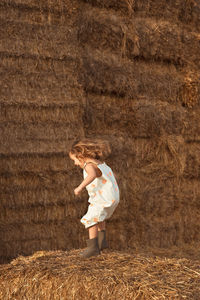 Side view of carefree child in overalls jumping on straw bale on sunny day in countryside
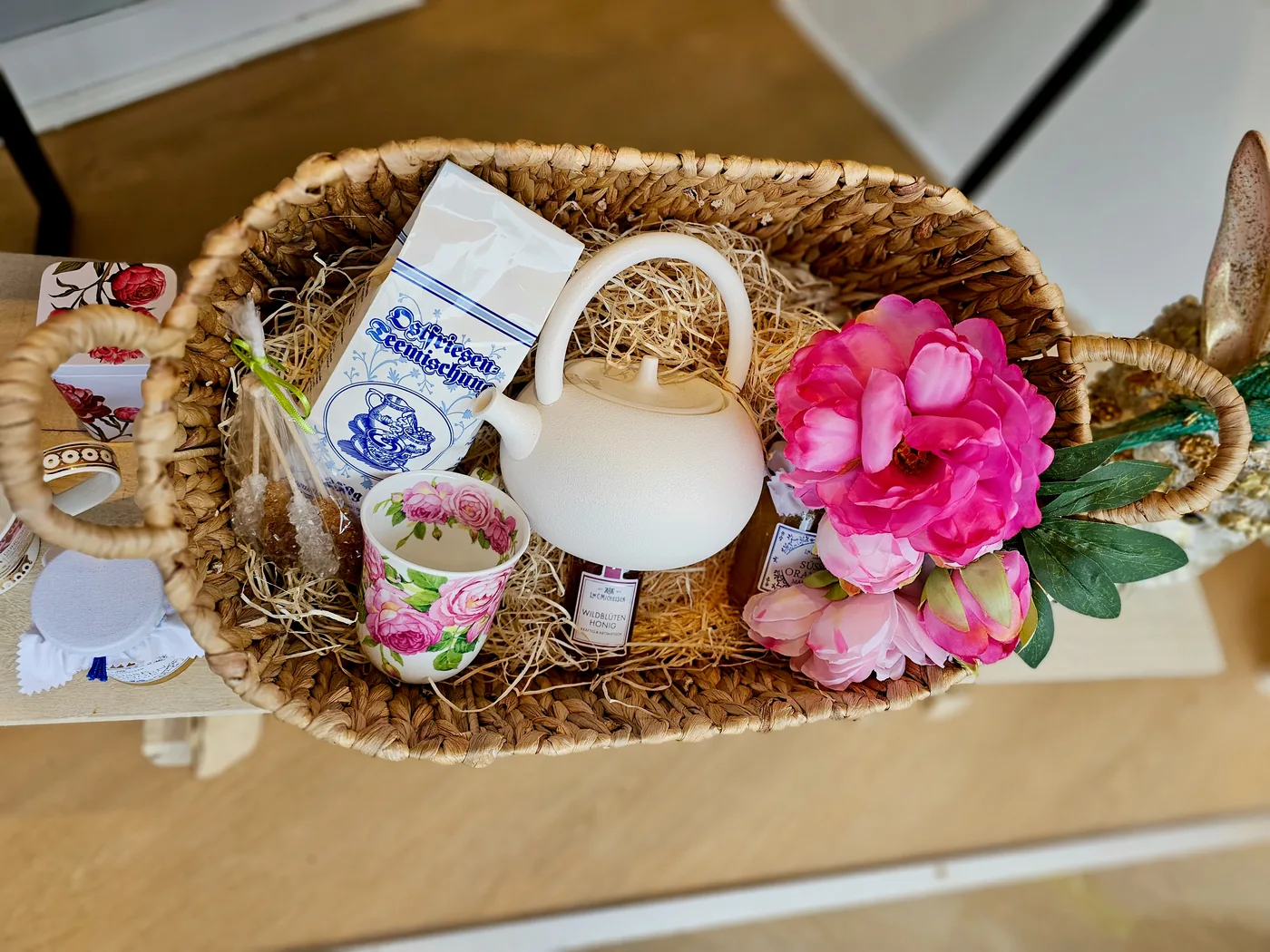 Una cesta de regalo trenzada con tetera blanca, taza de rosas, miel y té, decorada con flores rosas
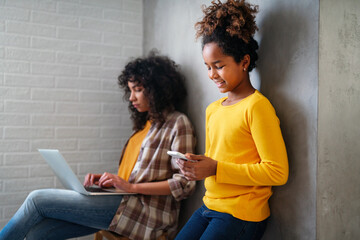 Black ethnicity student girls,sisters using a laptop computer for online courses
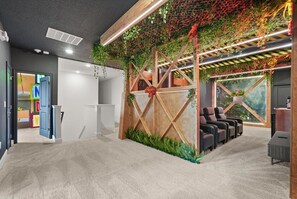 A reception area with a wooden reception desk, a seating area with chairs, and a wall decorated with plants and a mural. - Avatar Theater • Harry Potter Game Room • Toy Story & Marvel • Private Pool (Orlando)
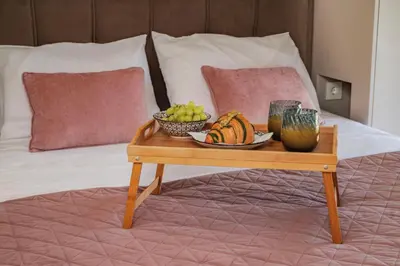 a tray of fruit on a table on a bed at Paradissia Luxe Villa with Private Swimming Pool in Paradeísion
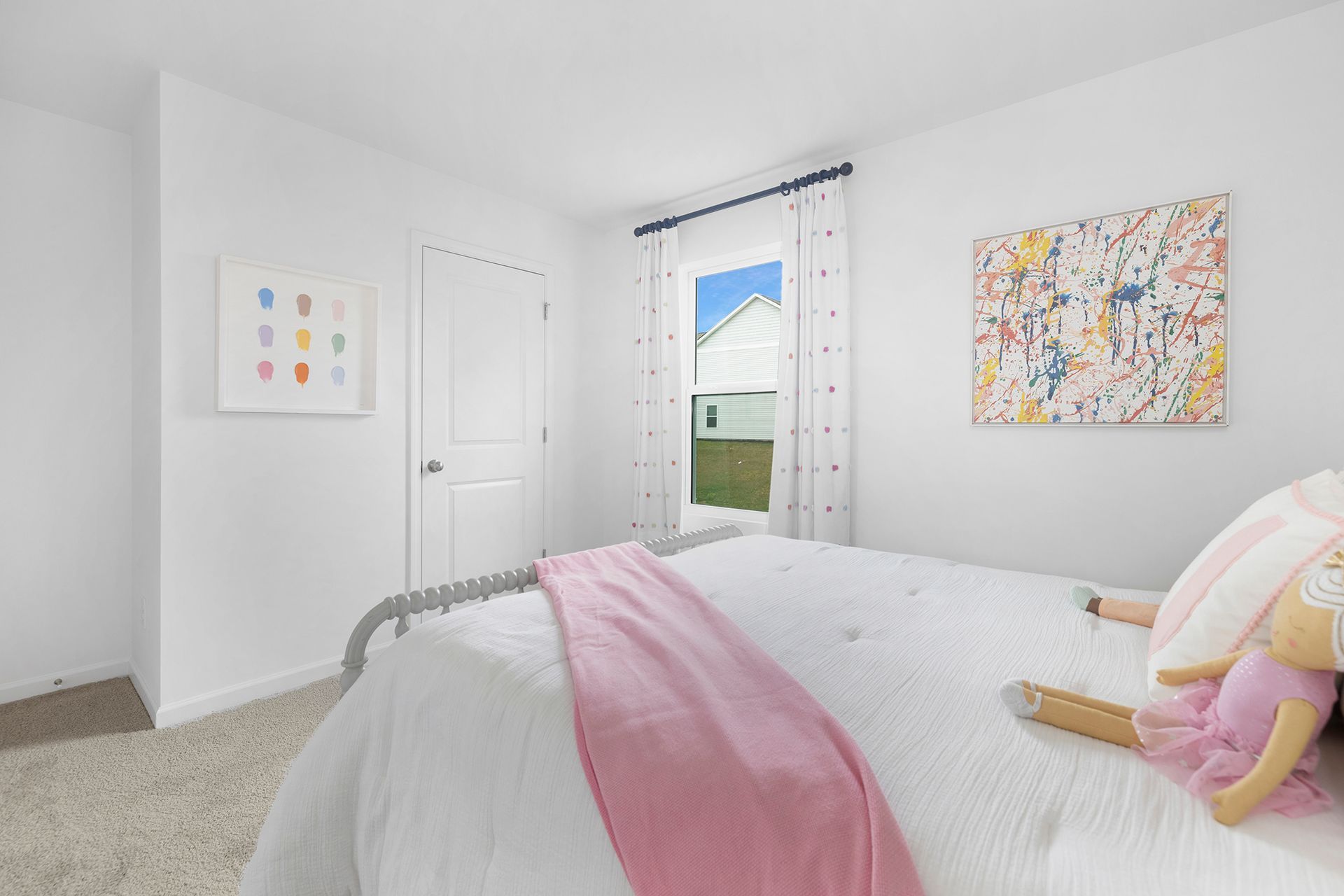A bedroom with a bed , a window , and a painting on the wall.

########################################

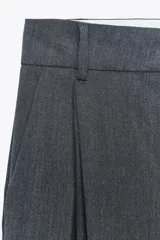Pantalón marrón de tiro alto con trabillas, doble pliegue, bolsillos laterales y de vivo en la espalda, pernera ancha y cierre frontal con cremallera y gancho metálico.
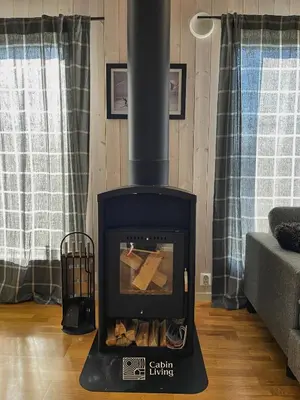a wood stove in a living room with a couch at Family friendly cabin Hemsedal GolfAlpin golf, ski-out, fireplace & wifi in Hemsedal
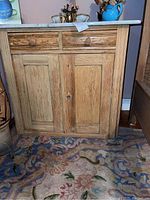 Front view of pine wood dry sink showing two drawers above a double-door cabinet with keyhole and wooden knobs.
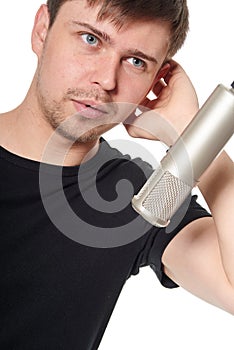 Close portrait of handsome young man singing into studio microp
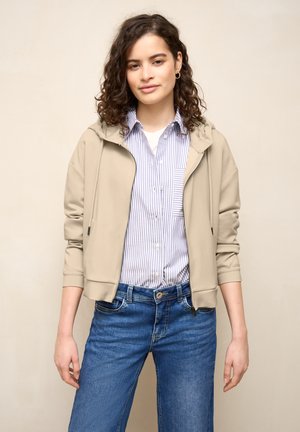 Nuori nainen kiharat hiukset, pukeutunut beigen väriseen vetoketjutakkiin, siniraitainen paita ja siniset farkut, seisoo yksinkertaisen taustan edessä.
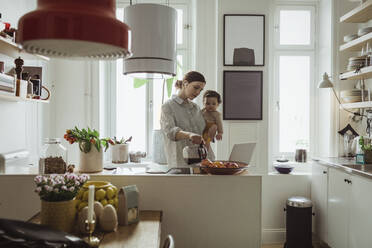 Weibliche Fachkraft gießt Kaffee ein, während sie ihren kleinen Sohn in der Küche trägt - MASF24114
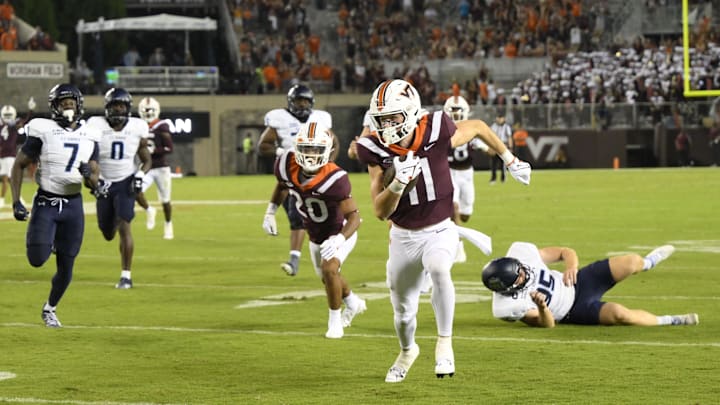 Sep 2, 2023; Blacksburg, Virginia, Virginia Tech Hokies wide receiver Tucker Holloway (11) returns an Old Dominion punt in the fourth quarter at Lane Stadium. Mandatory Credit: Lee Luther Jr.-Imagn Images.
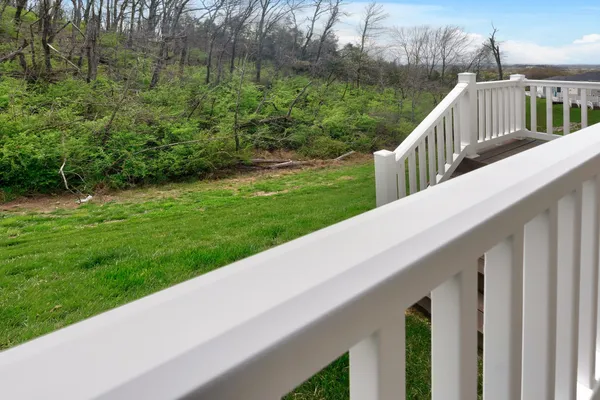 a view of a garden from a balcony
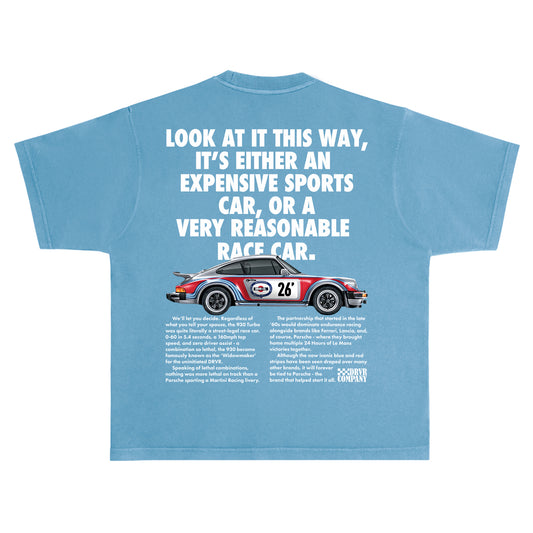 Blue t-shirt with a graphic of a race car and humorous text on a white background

########################################

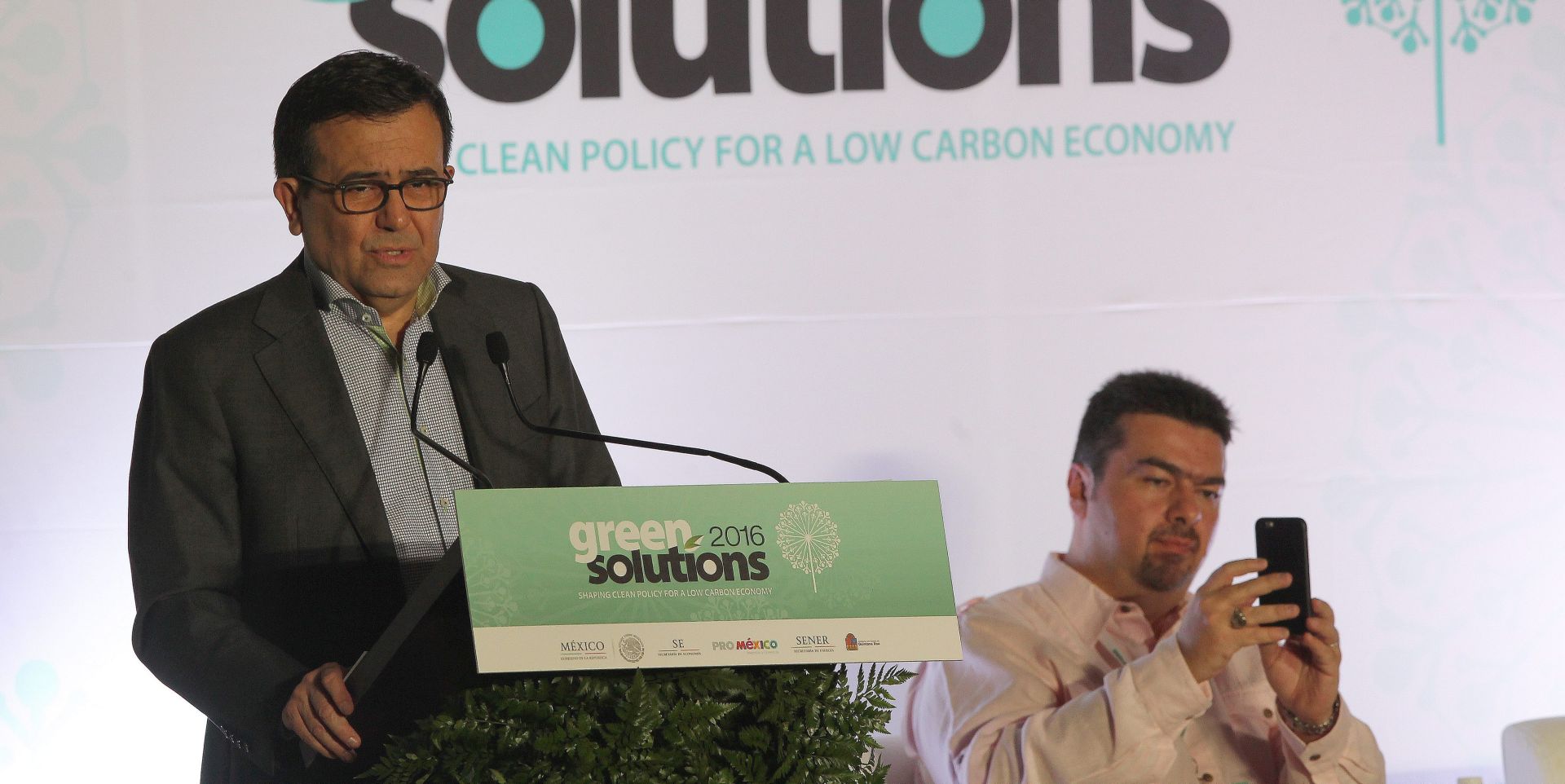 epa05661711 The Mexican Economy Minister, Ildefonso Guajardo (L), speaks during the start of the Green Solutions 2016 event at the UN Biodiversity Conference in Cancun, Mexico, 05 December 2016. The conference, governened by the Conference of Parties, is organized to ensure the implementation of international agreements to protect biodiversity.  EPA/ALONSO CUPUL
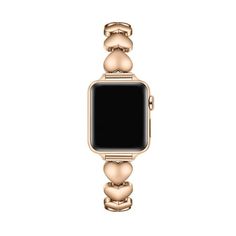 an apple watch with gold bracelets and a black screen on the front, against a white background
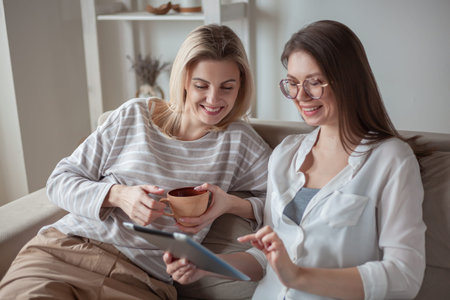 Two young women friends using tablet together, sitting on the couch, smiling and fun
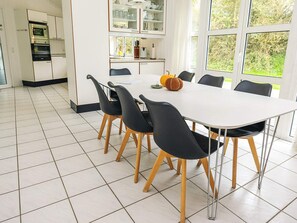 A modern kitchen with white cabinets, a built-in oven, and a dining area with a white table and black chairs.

########################################

Please return the material above only from the line that holds "Nuori nainen kiharat" through the line that holds "Blue t-shirt with", exactly as it stands, ends included and pictures omitted.

**EXERCISE OUTPUT**
 Nuori nainen kiharat hiukset, pukeutunut beigen väriseen vetoketjutakkiin, siniraitainen paita ja siniset farkut, seisoo yksinkertaisen taustan edessä.
 Weibliche Fachkraft gießt Kaffee ein, während sie ihren kleinen Sohn in der Küche trägt - MASF24114
 Sep 2, 2023; Blacksburg, Virginia, Virginia Tech Hokies wide receiver Tucker Holloway (11) returns an Old Dominion punt in the fourth quarter at Lane Stadium. Mandatory Credit: Lee Luther Jr.-Imagn Images.
 a view of a garden from a balcony
 Blue t-shirt with a graphic of a race car and humorous text on a white background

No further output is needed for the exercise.